What to produce:
Lines outside the range are not wanted. Give again exactly the lines between the line holding "La Seu promou" and the line holding "- Foto, Imagem", inclusive, from the listing below.

Exercise data:
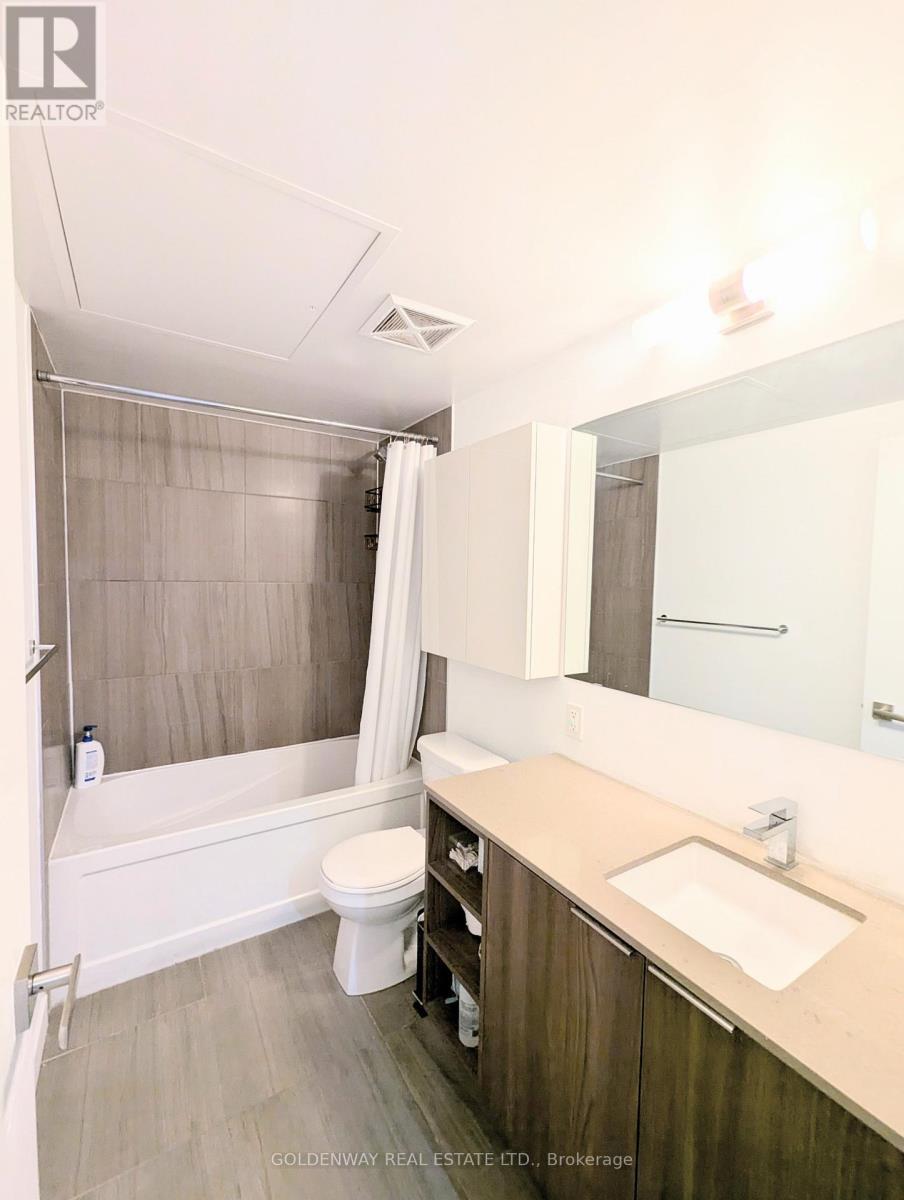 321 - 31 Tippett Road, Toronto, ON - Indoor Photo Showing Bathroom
* * *
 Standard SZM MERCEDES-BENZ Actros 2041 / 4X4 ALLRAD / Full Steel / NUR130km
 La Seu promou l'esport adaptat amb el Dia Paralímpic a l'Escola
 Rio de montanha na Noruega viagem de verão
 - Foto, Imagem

Solution for this task:
 La Seu promou l'esport adaptat amb el Dia Paralímpic a l'Escola
 Rio de montanha na Noruega viagem de verão
 - Foto, Imagem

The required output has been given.